Original Ziplock bage version, 1980

Operation Pegasus is a board wargame published by Task Force Games that simulates the 1968 Battle of Khe Sanh during the Vietnam War.

==Background==
In early 1968 during the Vietnam War, a large force of the North Vietnamese People's Army of Vietnam (PAVN) encircled and besieged two regiments of United States Marine Corps defending the Khe Sanh Combat Base, hoping to draw American relief forces into a series of ambushes in a duplication of their 1954 defeat of French forces at the Battle of Dien Bien Phu. In March 1968, an overland relief expedition called Operation Pegasus was launched by a joint United States Army/Army of the Republic of Vietnam (ARVN) task force. But as PAVN forces gathered in ambush positions along the highway to Khe Sahn, helicopters of the 1st Air Cavalry Division inserted infantry into flanking positions, driving the PAVN forces out into the open to be decimated by supporting artillery fire. The operation broke through to the Marines at Khe Sanh in only seven days, inflicting major casualties on the PAVN forces while suffering only minimal casualties themselves.

==Description==
Operation Pegasus is a two-player game that simulates the relief operation. Three scenarios are included with the game: the historical scenario, and two "what if" scenarios.

===Components===
- paper 16" x 20" hex grid map scaled at 500 m per hex
- 18-page rulebook
- 108 counters
- two casualty record sheets
- reference charts card

===Setup===
Vietnamese units are placed facedown so that their combat strength is unknown. The units are only flipped over when they become involved in combat, revealing their combat strength.

===Gameplay===
Each turn consists of:
1. American reinforcements
2. Helicopters: The American player has a limited number of helicopter points that can be used for transportation of new units to anywhere on the map, support combat, or observation. Helicopters cannot be used in consecutive turns — each must be grounded for a turn before returning to the air.
3. American movement and combat
4. Vietnamese reinforcement
5. Vietnamese movement and combat
Each game turn represents one day. The historical scenario lasts ten turns.

===Victory conditions===
For the historical scenario, only the American player gains or loses victory points based on casualties on both sides, the speed the American player removes mines from the road to Khe Sahn, and the Vietnamese player's siege effectiveness. The American player wins by ending with a positive number of points, and loses if the total is negative.

==Publication history==
Perry Moore designed Operation Pegasus, and it was published by Task Force Games in 1980, only 12 years after the Battle of Khe Sahn. It was first released in a Ziplock bag as Task Force Games' 8th microgame, and then released later the same year as a boxed set.

==Reception==
Nick Schuessler reviewed Operation Pegasus in The Space Gamer No. 35. Schuessler commented that "Operation Pegasus offers some interesting design innovations at the operational level, as well as an enjoyable game and a fairly good simulation. The game is a must for all contemporary era gamers, and the rest of us can re-live the famous helicopter attack scene from Apocalypse Now [...] Four stars."

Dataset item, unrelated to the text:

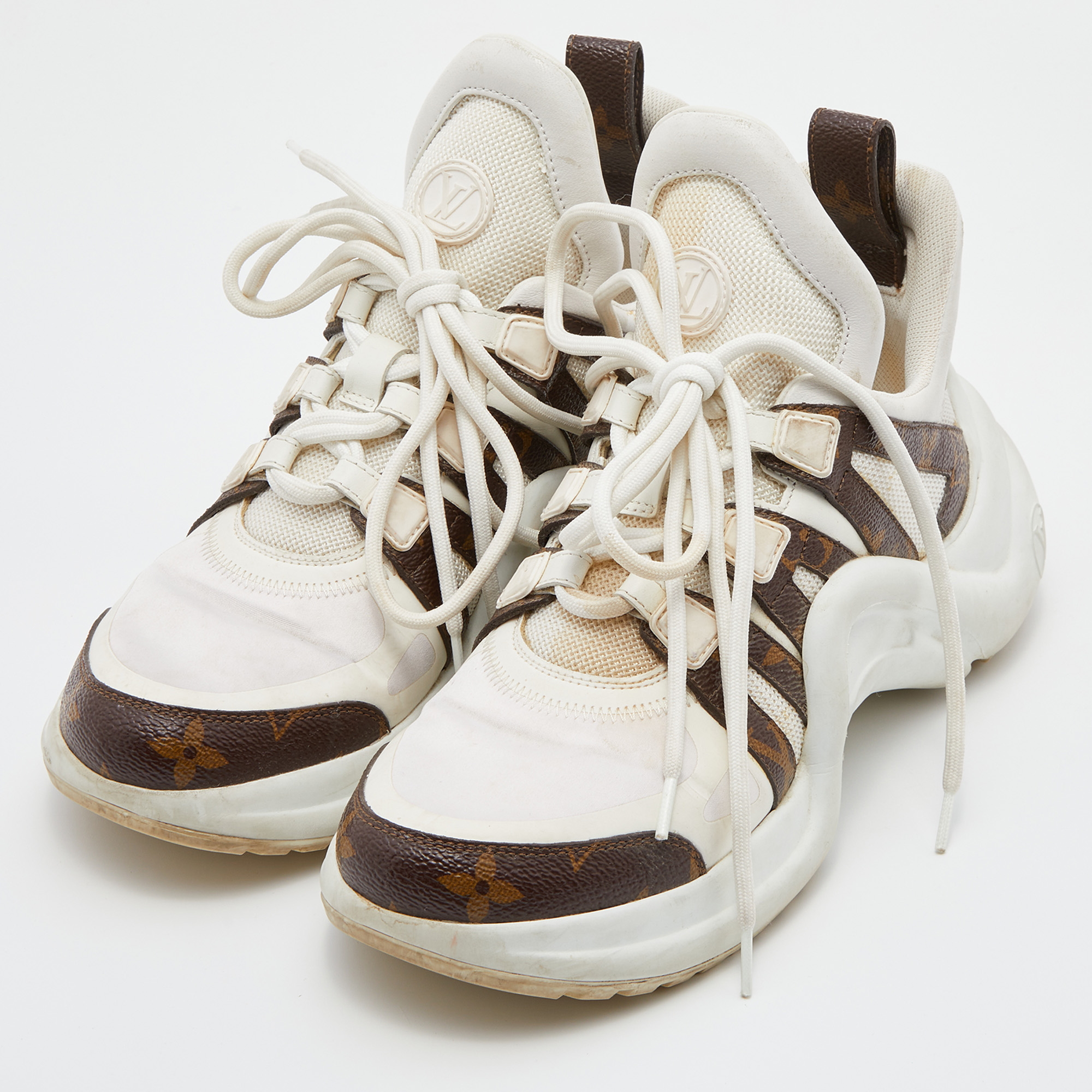 

Louis Vuitton White Leather and Monogram Canvas Archlight Sneakers Size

In Issue 29 of Phoenix, Ed Easton noted that "Although the US player has the more active role in this game, there is plenty of scope for the NVA player." Easton concluded "Too often after playing a new war game I lose interest in it and don't play again for many months, but Operation Pegasus is an exception which I hope to play repeatedly. Task Force and the designer, Perry Moore, are to be congratulated on producing a well thought out game."

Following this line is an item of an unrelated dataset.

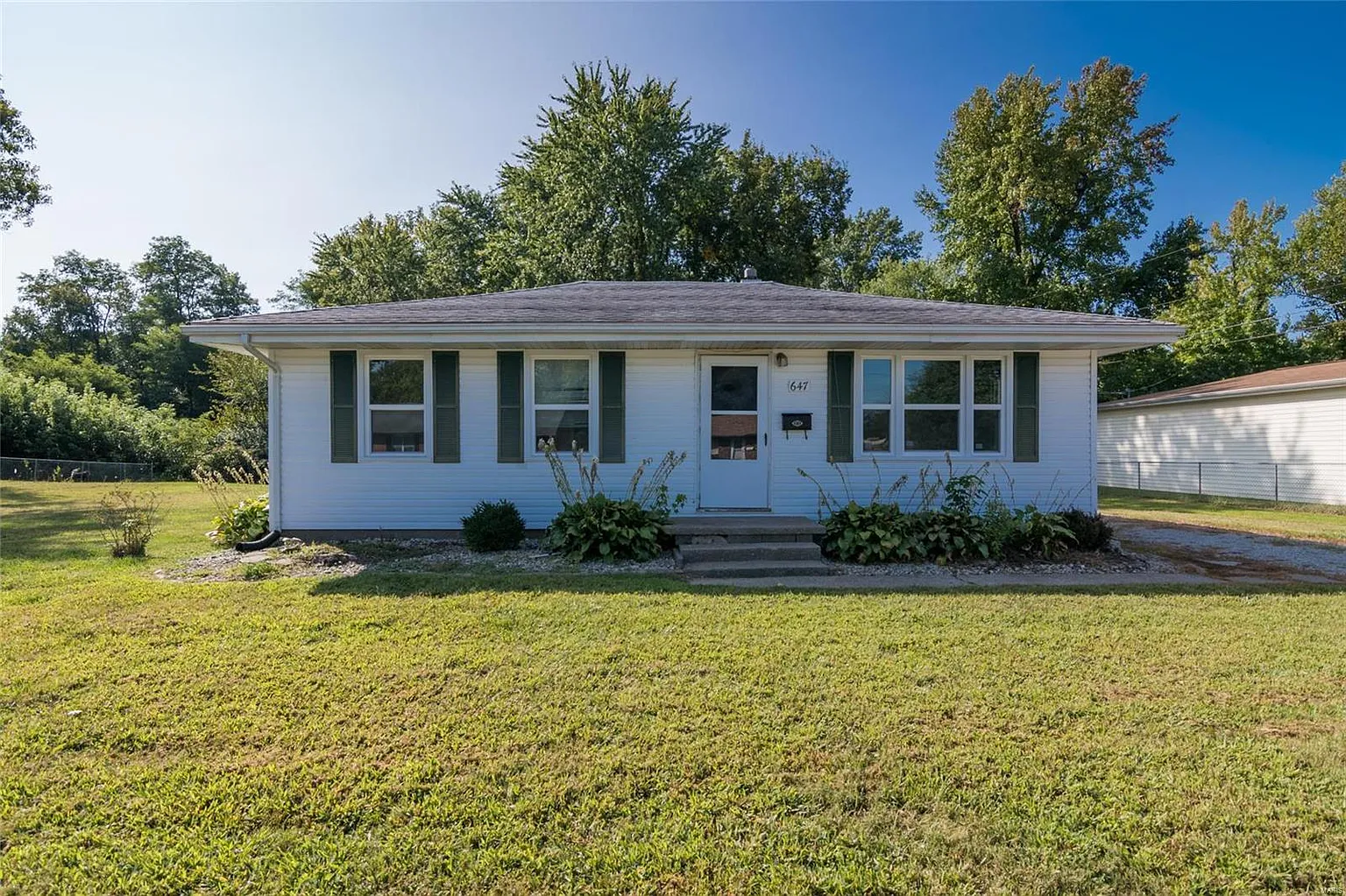647 Mill St photo 1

In Fire & Movement #84, Joseph Miranda wrote, "Operation Pegasus avoids the more obvious routes to the simulation, and instead delivers a game system that catches the flavor of airmobile operations [...] This is probably the only wargame which shows logistical considerations in a manner which has at least some connection to the way they are really conducted in the military." He concluded by calling the game "A sharp simulation of Vietnam era airmobile operations."